Inflación: el dato de CABA enciende una alarma y obliga a revisar las expectativas

Inflación: el dato de CABA enciende una alarma y obliga a revisar las expectativas
Por: Hugo Goldstein


Hay números que no permiten sacar conclusiones definitivas, pero sí obligan a hacerse preguntas. El dato de inflación de la Ciudad de Buenos Aires correspondiente a julio es uno de ellos.

El IPC porteño registró una suba del 2,9%, después del 1,8% de junio. Es decir, en apenas un mes la inflación saltó 1,1 puntos porcentuales y quebró una racha de tres meses de desaceleración. En los primeros siete meses del año, la inflación acumulada en CABA llegó al 19,4%, mientras que la variación interanual alcanzó el 33,2%.

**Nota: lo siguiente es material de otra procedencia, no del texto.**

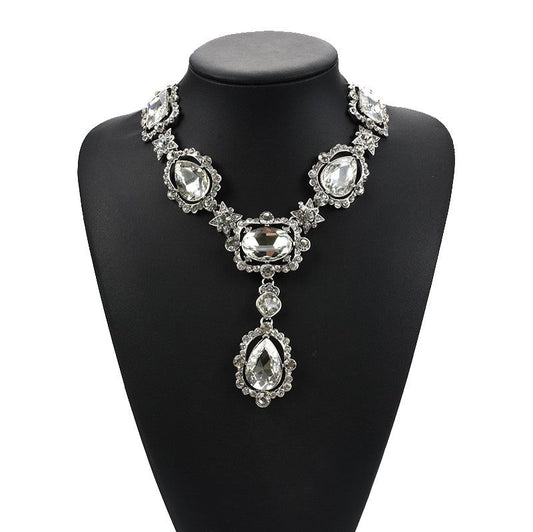Exaggerated Jewelry Alloy Glass Crystal Clavicle Chain Temperamental Popular Inlaid Jewel Water Drop Necklace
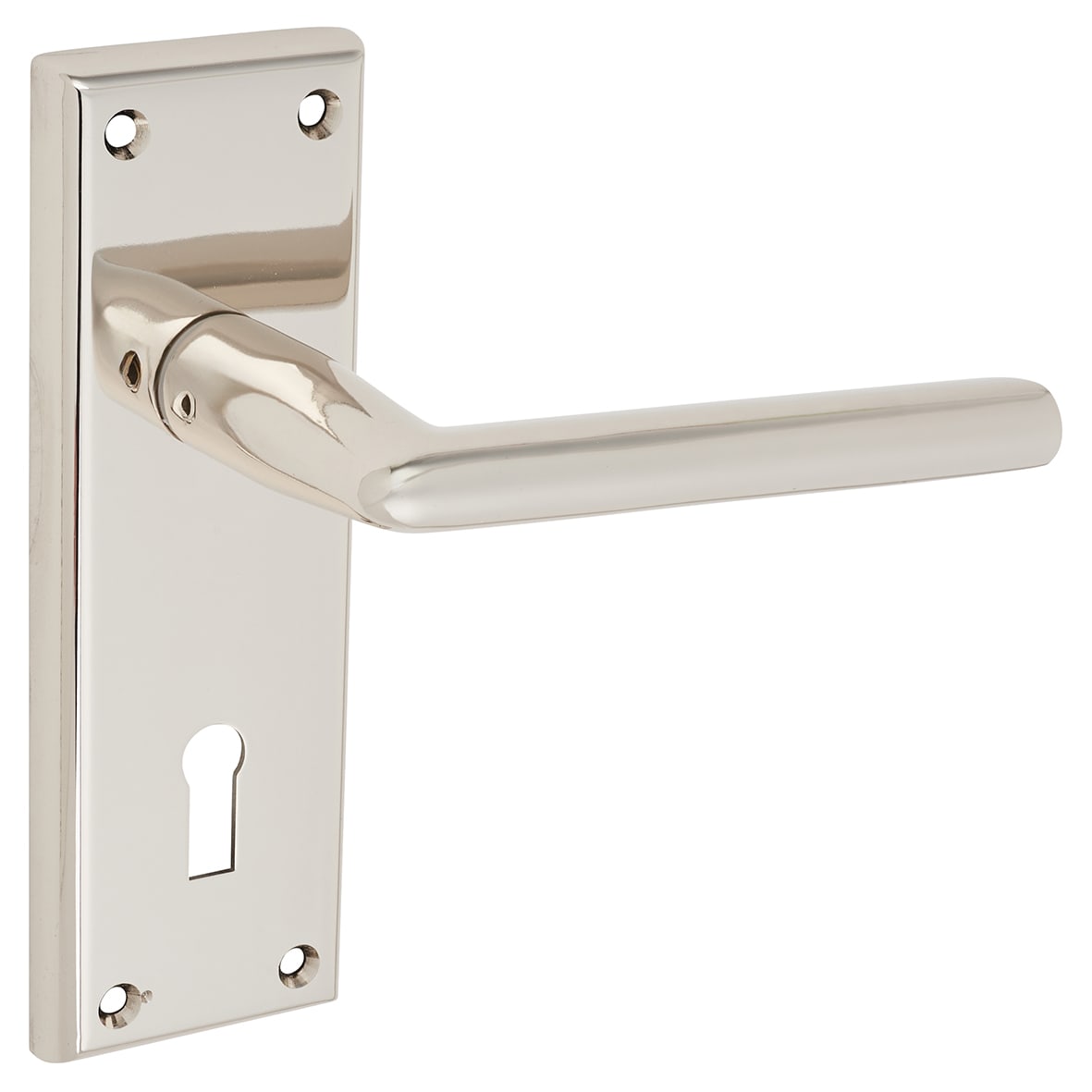 Brass Polished Nickel Keyhole Lock Door Handles - Dieci Range - 150 x 50mm - view 2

El dato, por sí solo, no significa que la inflación nacional vaya a ser exactamente 2,9%. Pero sí introduce una pregunta incómoda: ¿la economía argentina está encontrando nuevamente un piso inflacionario más elevado?

Y esa es la cuestión que el Gobierno debería mirar con mayor atención.

Un salto que no puede ser ignorado

Hay una explicación parcialmente tranquilizadora.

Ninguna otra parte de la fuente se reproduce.